§ RAW DATA
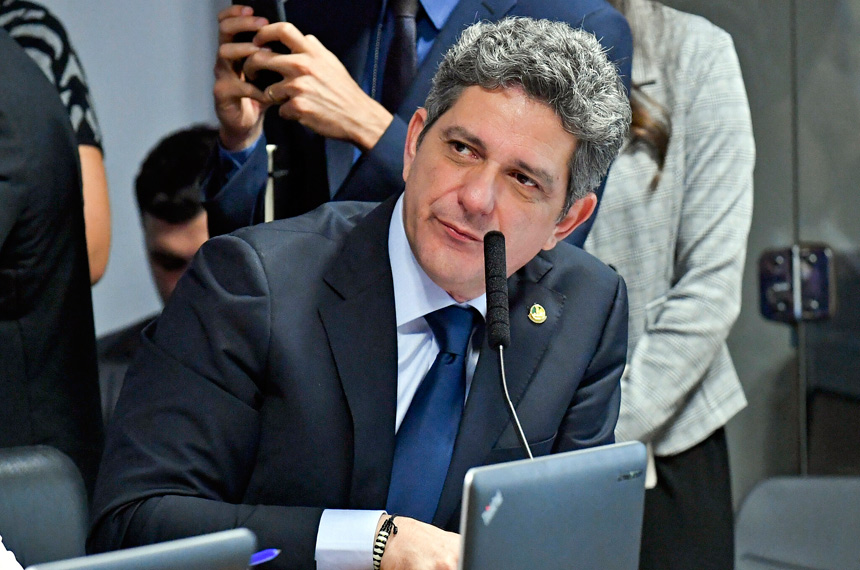 Rogerio Carvalho deve votar em Pacheco para presidencia do Senado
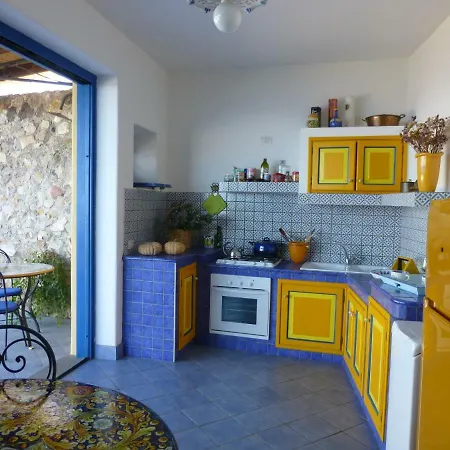 Sea View Apartment *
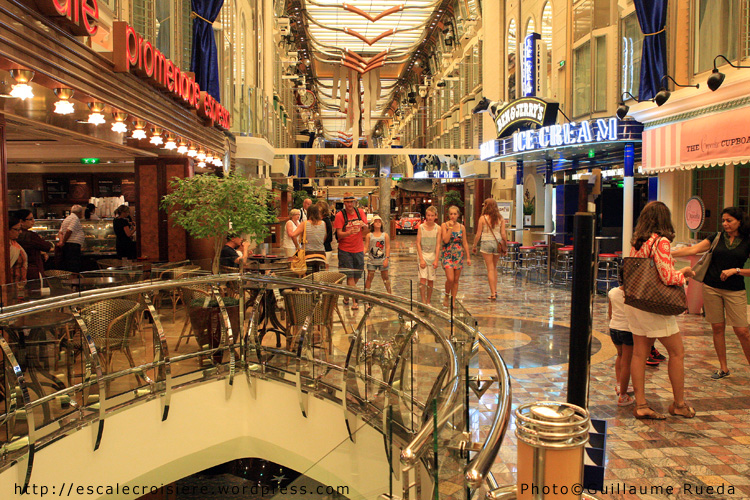 Liberty of the Seas - Promenade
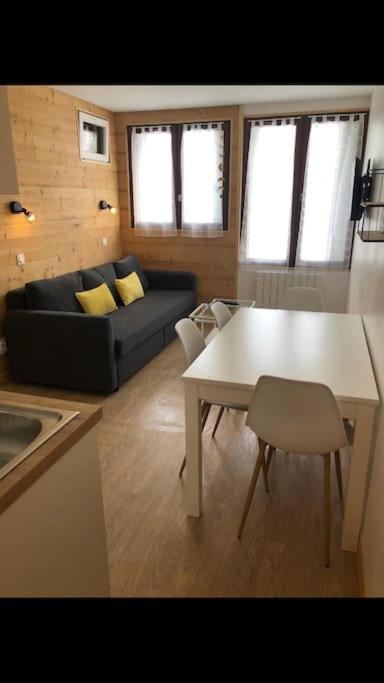 Appartement Cosy Val Louron Au Pied Des Pistes Genos Екстер'єр фото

§ PROBLEM REQUIREMENTS
Each line above should be printed again exactly, though the pictures should not be.

§ EXPECTED ANSWER
 Rogerio Carvalho deve votar em Pacheco para presidencia do Senado
 Sea View Apartment *
 Liberty of the Seas - Promenade
 Appartement Cosy Val Louron Au Pied Des Pistes Genos Екстер'єр фото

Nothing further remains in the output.